═════ THE DATA
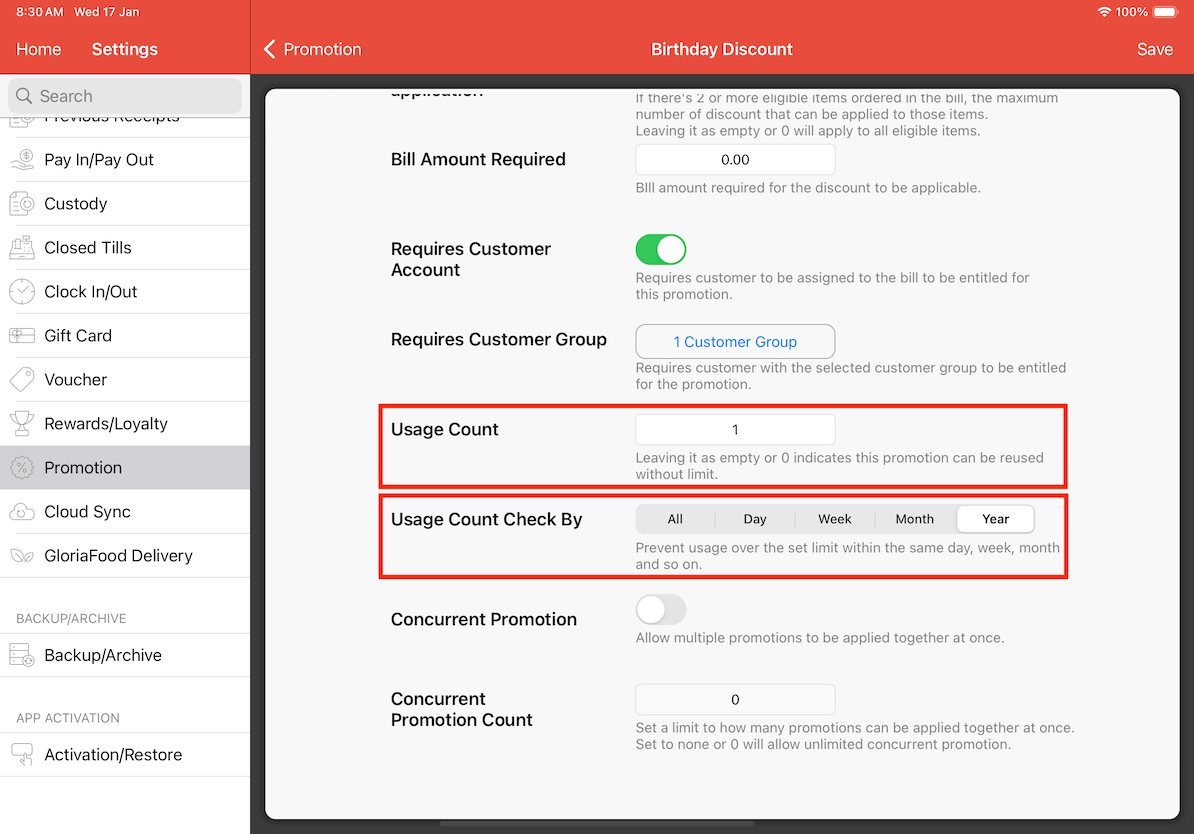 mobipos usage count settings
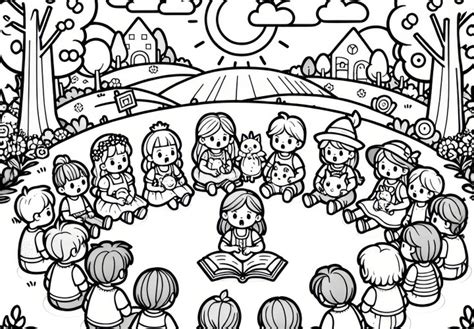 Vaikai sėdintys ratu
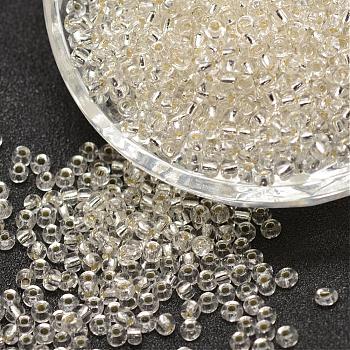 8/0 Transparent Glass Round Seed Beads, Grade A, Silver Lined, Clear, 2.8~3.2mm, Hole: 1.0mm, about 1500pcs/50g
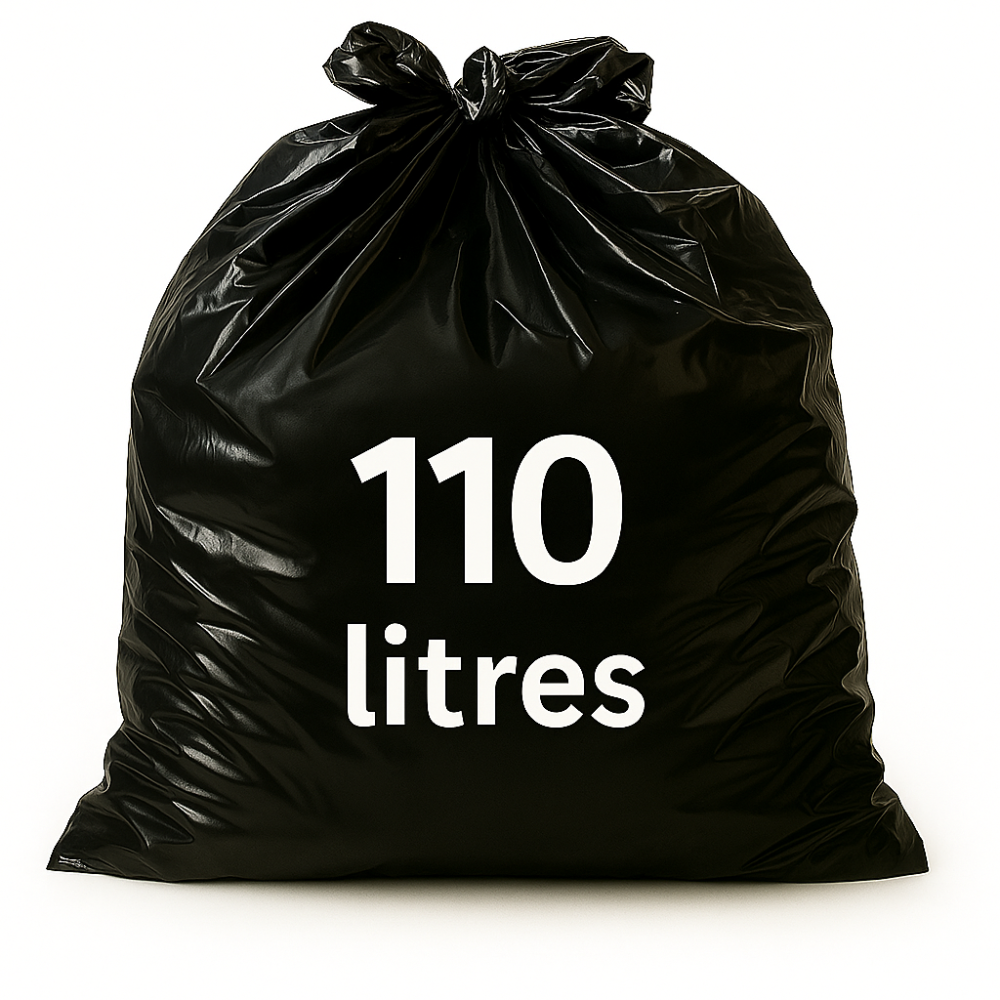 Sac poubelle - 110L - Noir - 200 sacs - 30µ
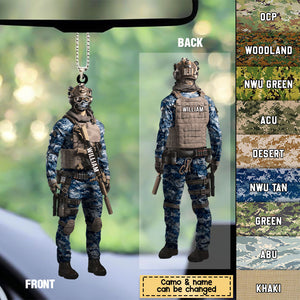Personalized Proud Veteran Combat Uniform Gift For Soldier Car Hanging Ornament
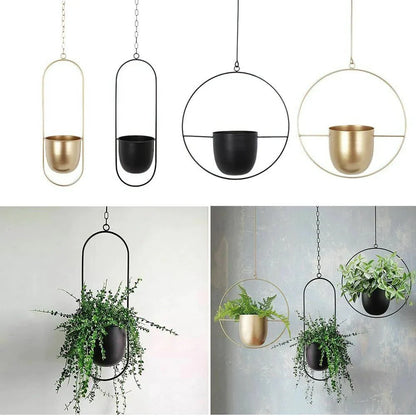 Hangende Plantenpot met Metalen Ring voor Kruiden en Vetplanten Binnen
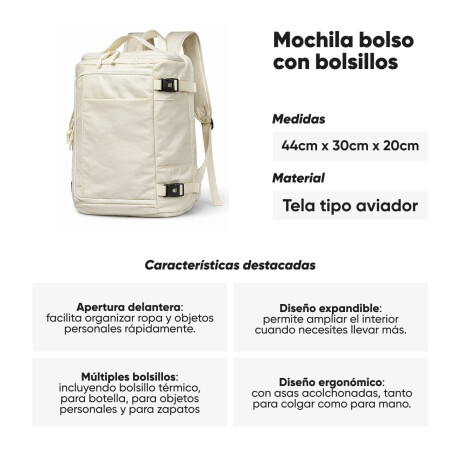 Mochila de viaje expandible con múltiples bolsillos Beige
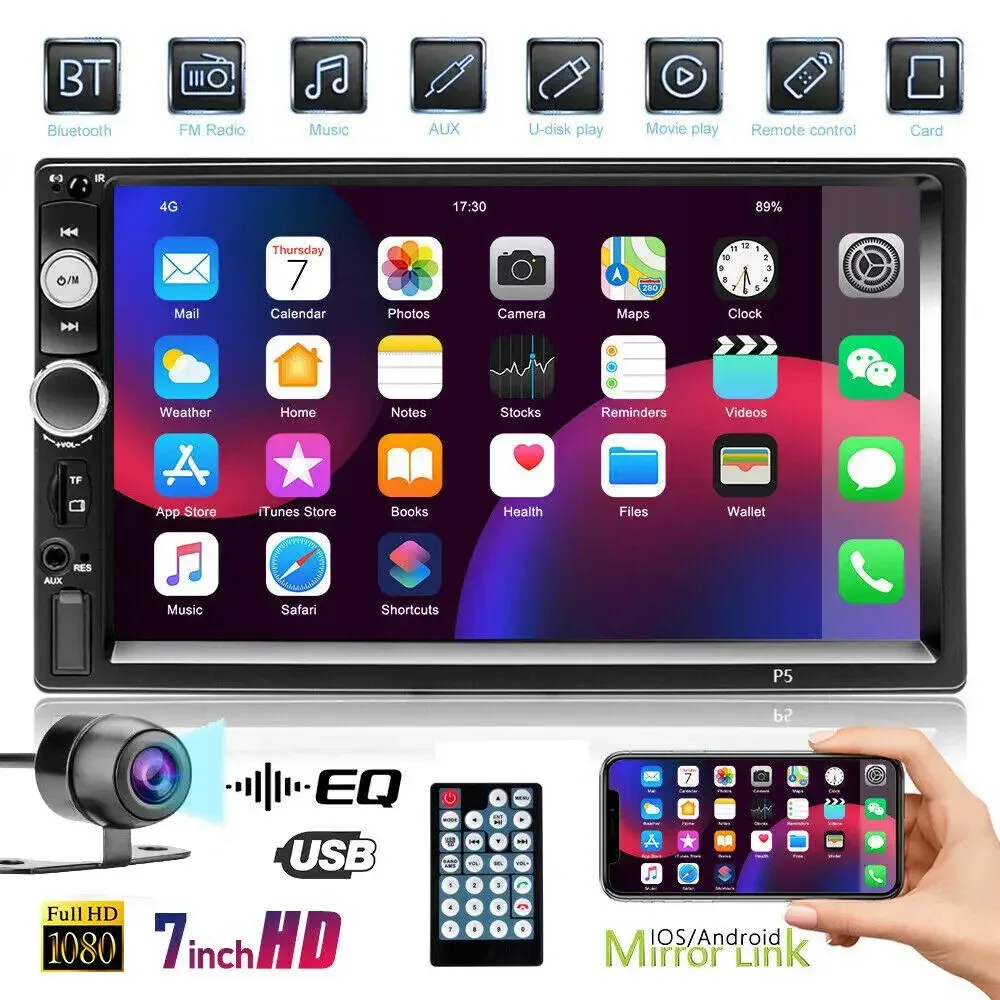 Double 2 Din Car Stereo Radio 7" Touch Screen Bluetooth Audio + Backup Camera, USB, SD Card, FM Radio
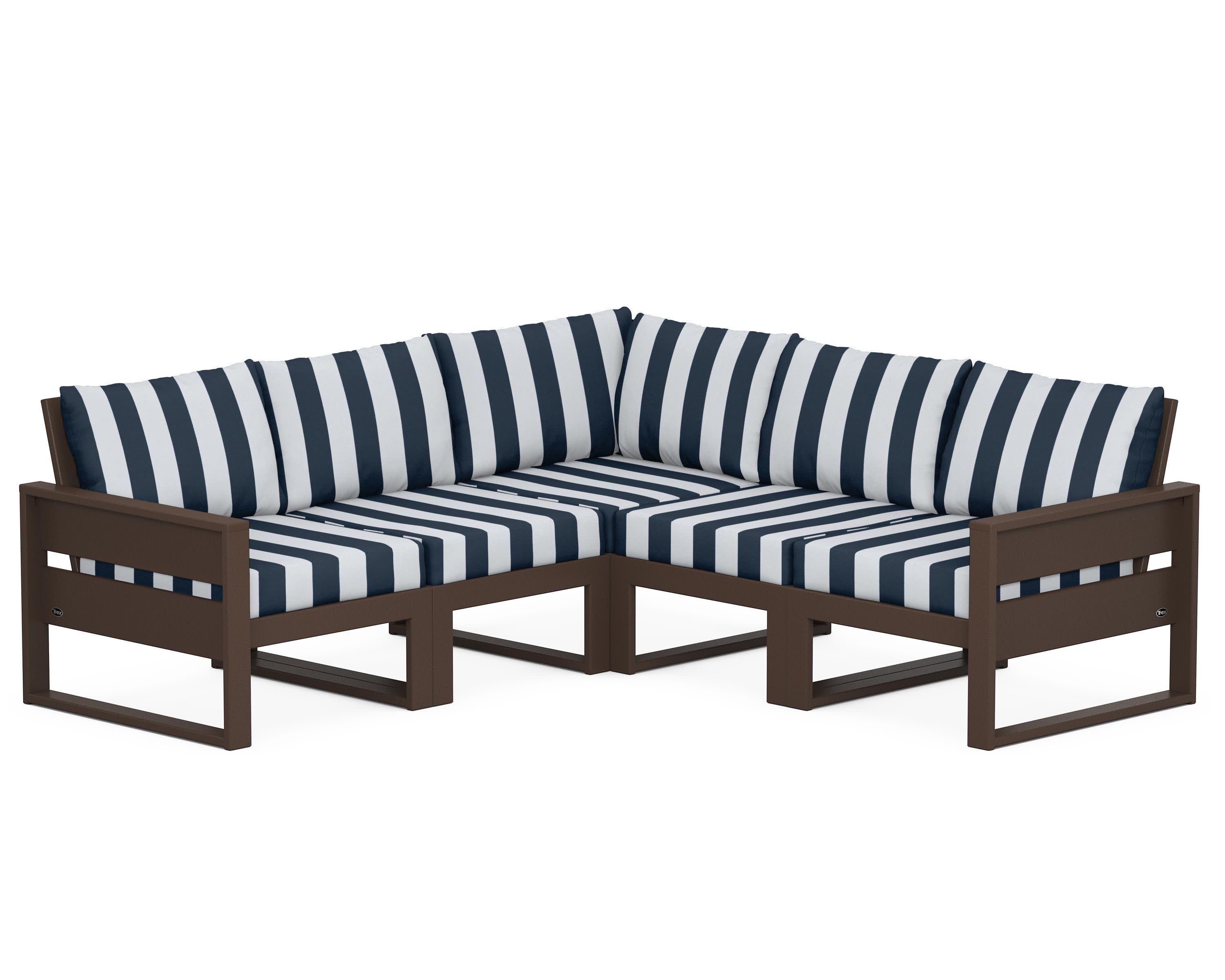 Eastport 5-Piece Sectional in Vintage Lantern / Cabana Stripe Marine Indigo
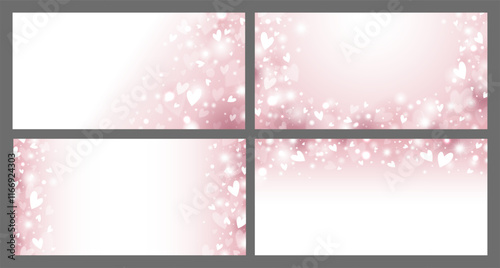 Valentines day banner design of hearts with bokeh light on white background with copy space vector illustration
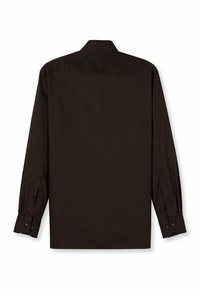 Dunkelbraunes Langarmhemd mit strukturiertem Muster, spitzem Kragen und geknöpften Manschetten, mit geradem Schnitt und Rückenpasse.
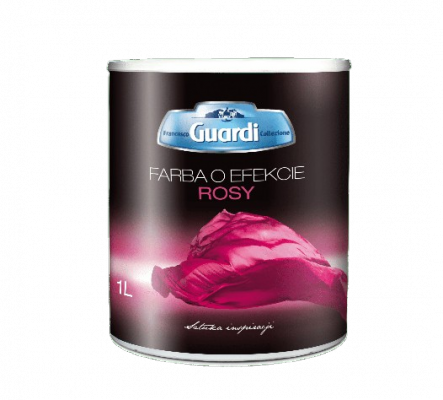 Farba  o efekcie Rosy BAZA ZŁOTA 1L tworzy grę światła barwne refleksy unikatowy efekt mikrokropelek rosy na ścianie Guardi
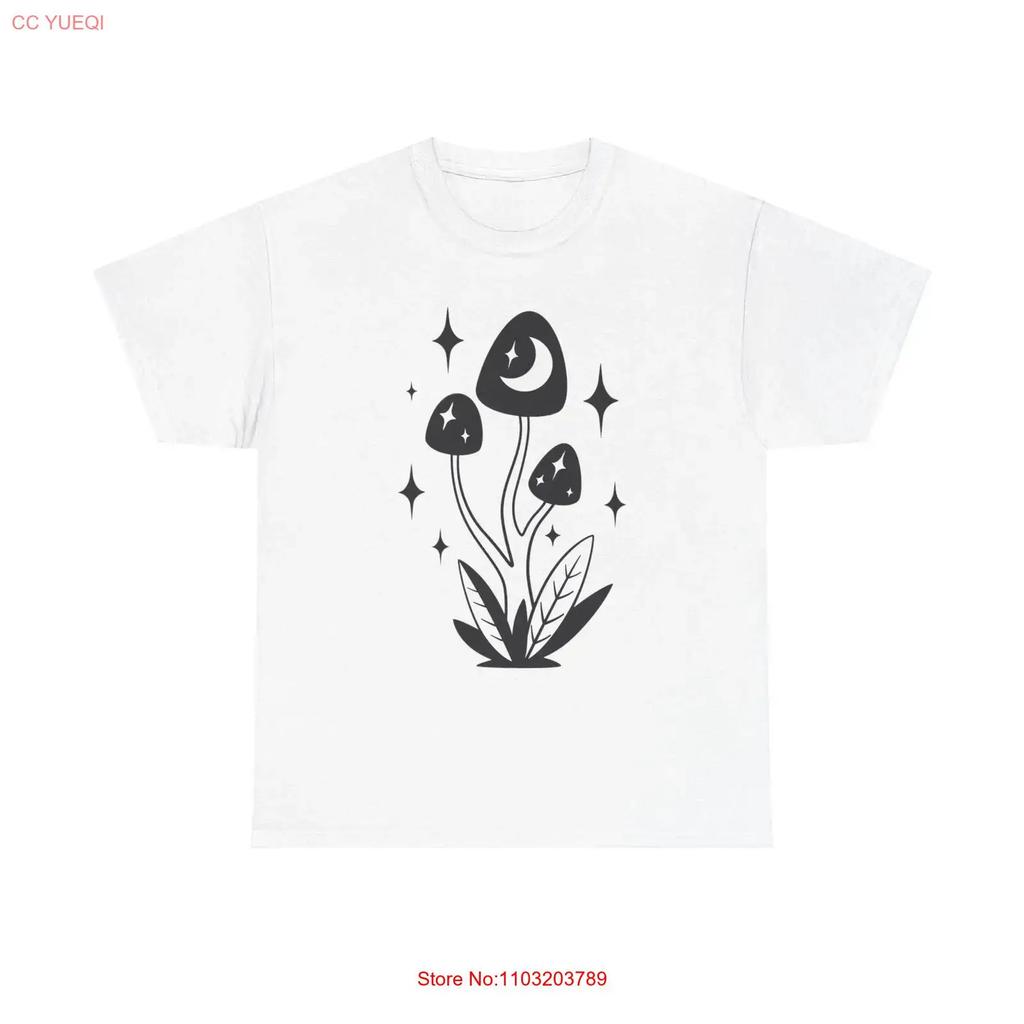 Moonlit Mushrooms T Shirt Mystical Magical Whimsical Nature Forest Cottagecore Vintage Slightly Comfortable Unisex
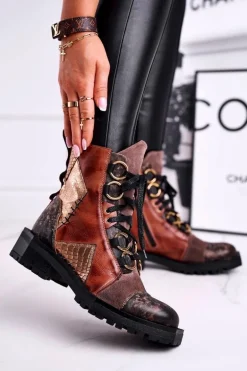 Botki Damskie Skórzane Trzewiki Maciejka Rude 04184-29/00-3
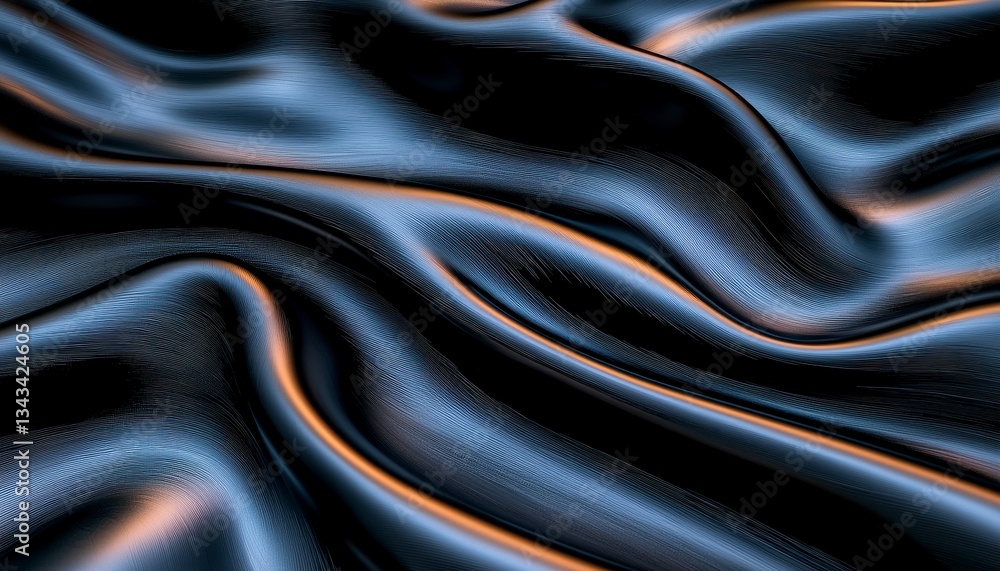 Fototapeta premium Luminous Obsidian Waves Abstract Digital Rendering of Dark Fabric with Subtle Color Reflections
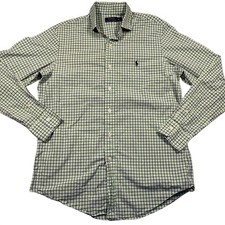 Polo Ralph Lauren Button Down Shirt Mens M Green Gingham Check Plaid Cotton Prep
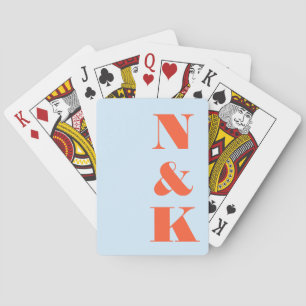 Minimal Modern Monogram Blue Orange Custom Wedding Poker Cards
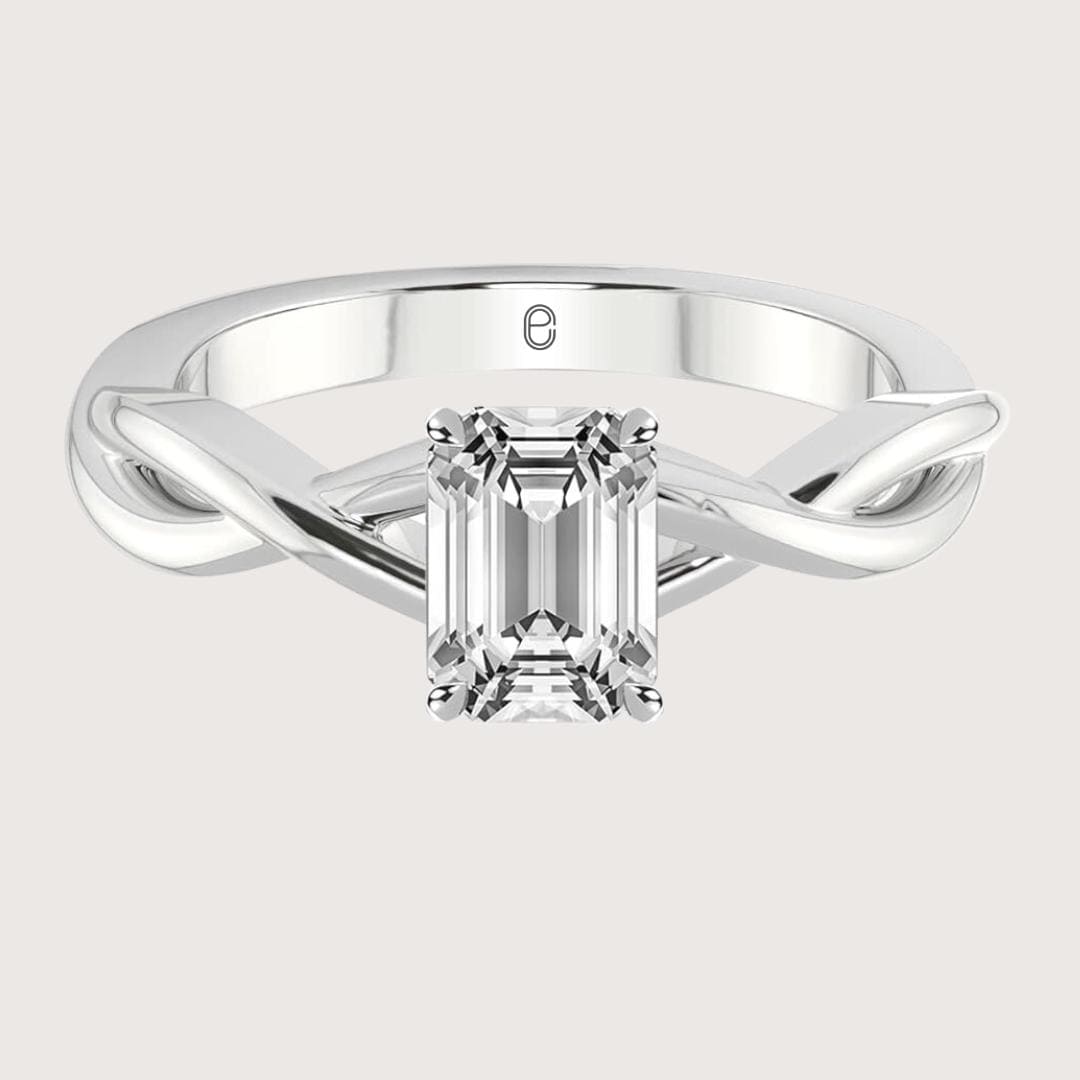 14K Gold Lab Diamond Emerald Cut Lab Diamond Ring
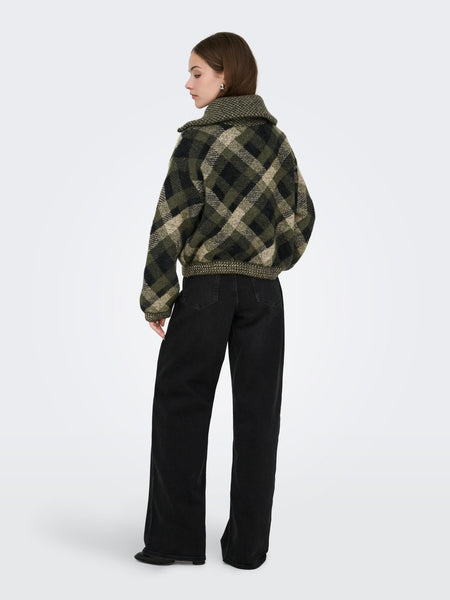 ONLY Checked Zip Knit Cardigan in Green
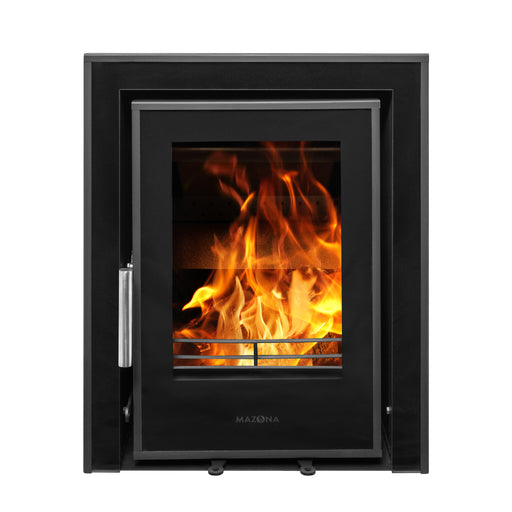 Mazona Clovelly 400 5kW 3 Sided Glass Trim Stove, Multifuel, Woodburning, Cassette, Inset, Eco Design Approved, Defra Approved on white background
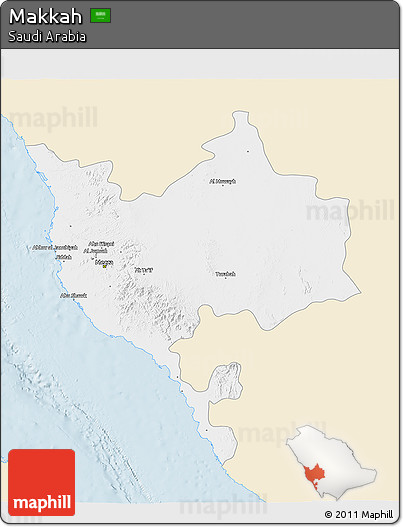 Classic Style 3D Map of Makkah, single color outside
══════════
# AIM OF THE TASK:
Write out all the records again, exactly, minus any pictures.

# EXERCISE SOLUTION:
 mobipos usage count settings
 Vaikai sėdintys ratu
 8/0 Transparent Glass Round Seed Beads, Grade A, Silver Lined, Clear, 2.8~3.2mm, Hole: 1.0mm, about 1500pcs/50g
 Sac poubelle - 110L - Noir - 200 sacs - 30µ
Personalized Proud Veteran Combat Uniform Gift For Soldier Car Hanging Ornament
 Hangende Plantenpot met Metalen Ring voor Kruiden en Vetplanten Binnen
 Mochila de viaje expandible con múltiples bolsillos Beige
 Double 2 Din Car Stereo Radio 7" Touch Screen Bluetooth Audio + Backup Camera, USB, SD Card, FM Radio
 Eastport 5-Piece Sectional in Vintage Lantern / Cabana Stripe Marine Indigo
 Valentines day banner design of hearts with bokeh light on white background with copy space vector illustration
 Dunkelbraunes Langarmhemd mit strukturiertem Muster, spitzem Kragen und geknöpften Manschetten, mit geradem Schnitt und Rückenpasse.
 Farba  o efekcie Rosy BAZA ZŁOTA 1L tworzy grę światła barwne refleksy unikatowy efekt mikrokropelek rosy na ścianie Guardi
 Moonlit Mushrooms T Shirt Mystical Magical Whimsical Nature Forest Cottagecore Vintage Slightly Comfortable Unisex
 Botki Damskie Skórzane Trzewiki Maciejka Rude 04184-29/00-3
 Fototapeta premium Luminous Obsidian Waves Abstract Digital Rendering of Dark Fabric with Subtle Color Reflections
 Polo Ralph Lauren Button Down Shirt Mens M Green Gingham Check Plaid Cotton Prep
 Minimal Modern Monogram Blue Orange Custom Wedding Poker Cards
 14K Gold Lab Diamond Emerald Cut Lab Diamond Ring
 ONLY Checked Zip Knit Cardigan in Green
 Mazona Clovelly 400 5kW 3 Sided Glass Trim Stove, Multifuel, Woodburning, Cassette, Inset, Eco Design Approved, Defra Approved on white background
 Classic Style 3D Map of Makkah, single color outside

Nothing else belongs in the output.